La Lazio perde 3-0 a Leverkusen e saluta la Champions. Analisi di una disfatta

Una Lazio brutta, molle e inconcludente esce con le ossa rotte dalla Bayer Arena di Leverkusen e dice addio al sogno Champions. Netto, ben più del risultato, il 3-0 rifilato dai tedeschi ai capitolini.

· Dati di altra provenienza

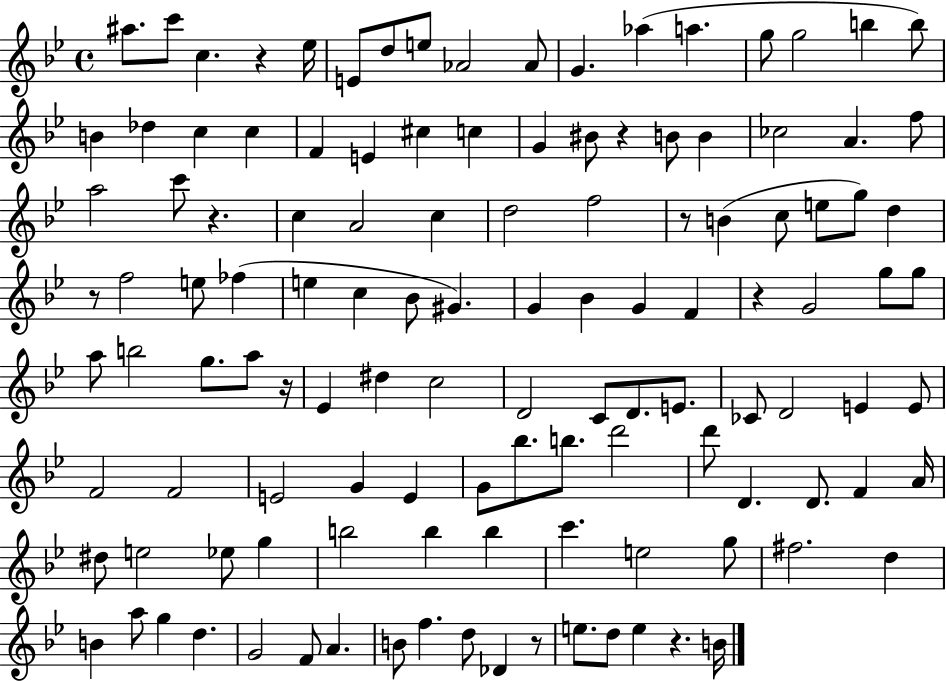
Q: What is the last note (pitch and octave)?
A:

Nella notte che valeva due stagioni, la scorsa e quella attuale (sia dal punto di vista del morale che da quello economico), solo un errore la Lazio non avrebbe dovuto commettere: rinunciare a giocare la partita. Non l’ha pensata così evidentemente Stefano Pioli che è sceso in campo con un 3-4-3 che rispolverava, con un moto di orgoglio tutto italiano, l’antica tradizione del catenaccio e contropiede. Scelta che forse avrebbe anche potuto dare i suoi frutti. Se accompagnata però dalla ricerca di un calcio di qualità, specialmente in fase di ripartenza. Qualità che però non potevano garantire, e questo era chiaro sin dalla lettura delle formazioni, Onazi e Parolo, da sempre portatori e non certo sorgenti d’acqua. L’equivoco tattico e tecnico è stato talmente evidente per tutti e novanta minuti che il quesito diventa d’obbligo. Se Cataldi è considerato da società e tecnico il vice Biglia, ed il modo in cui è stato condotto il mercato dei capitolini sin qui questo suggerisce, qualcuno dovrà spiegare come mai il giovane centrocampista romano stasera non solo non è partito titolare ma non ha calcato il terreno di gioco neanche per un secondo.
Il tentativo matto e disperatissimo di contenere gli attacchi di un Bayer intenso, quadrato e tutto pressing che seppur trascinato dalle giocate pregevoli di Calhanoglu e Bellarabi resta comunque ben lontano dall’essere il Barcellona (o il Manchester United, avversario che poteva uscire dall’urna dei sorteggi), reggeva per quaranta minuti fatti di campanili da una parte all’altra del campo ed inframmezzati solo al 25′ dal palo colpito di testa da un Kiessling libero di svettare indisturbato in area. Poi, di punto in bianco, si sgretolava la colonna su cui avrebbe dovuto reggere l’intero impianto di gioco di Pioli: De Vrij. L’olandese inspiegabilmente chiama l’uscita di Berisha su un pallone filtrante rasoterra senza rendersi conto di avere l’avversario francobollato alle spalle. Un errore gravissimo per un fuoriclasse del suo calibro. Ne nasce un batti e ribatti che alla fine viene capitalizzato da Calhanoglu. Una doccia fredda per la Lazio che non viene metabolizzata negli spogliatoi. Infatti la ripresa si apre con un errore di Mauricio che da posizione laterale tenta un insensato anticipo su Mehmedi ciccando il pallone e lanciando il giocatore a tu per tu con Berisha che, per non essere da meno dei compagni, si unisce al festival dell’orrore facendosi superare sul suo palo.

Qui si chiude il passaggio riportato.